◆ Data for this task
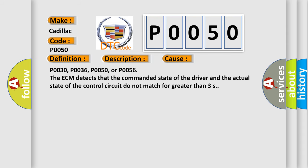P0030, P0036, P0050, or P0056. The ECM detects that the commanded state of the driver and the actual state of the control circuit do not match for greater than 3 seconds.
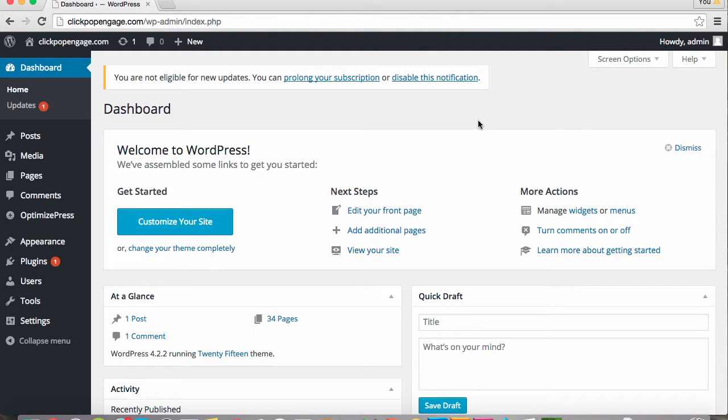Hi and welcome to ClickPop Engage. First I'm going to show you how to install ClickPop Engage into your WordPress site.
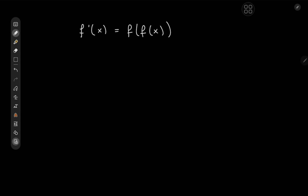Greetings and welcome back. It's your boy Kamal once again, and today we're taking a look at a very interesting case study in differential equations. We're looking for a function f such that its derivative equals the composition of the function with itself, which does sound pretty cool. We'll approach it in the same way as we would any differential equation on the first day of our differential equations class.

==

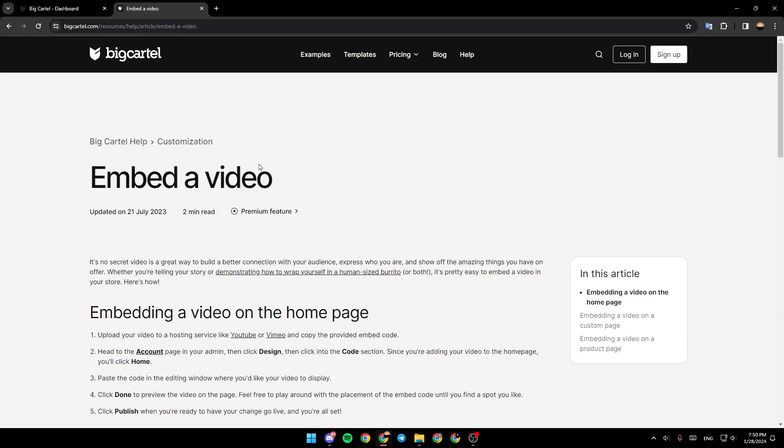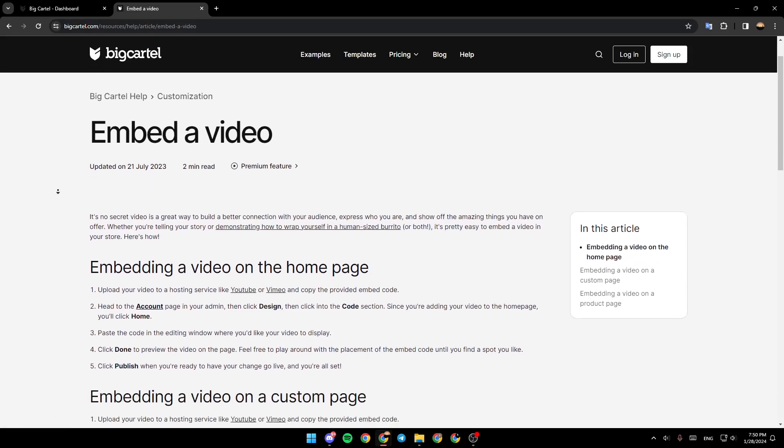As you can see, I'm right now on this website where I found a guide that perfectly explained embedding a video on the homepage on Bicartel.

---

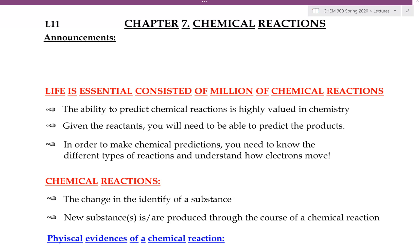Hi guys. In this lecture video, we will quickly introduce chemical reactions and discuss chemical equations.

◆ To do
Exercise for the records above: copy only the lines from the one with "P0030, P0036, P0050, or" to the one with "Greetings and welcome", both ends kept, and drop the pictures.

◆ Solution for this exercise
P0030, P0036, P0050, or P0056. The ECM detects that the commanded state of the driver and the actual state of the control circuit do not match for greater than 3 seconds.
Hi and welcome to ClickPop Engage. First I'm going to show you how to install ClickPop Engage into your WordPress site.
Greetings and welcome back. It's your boy Kamal once again, and today we're taking a look at a very interesting case study in differential equations. We're looking for a function f such that its derivative equals the composition of the function with itself, which does sound pretty cool. We'll approach it in the same way as we would any differential equation on the first day of our differential equations class.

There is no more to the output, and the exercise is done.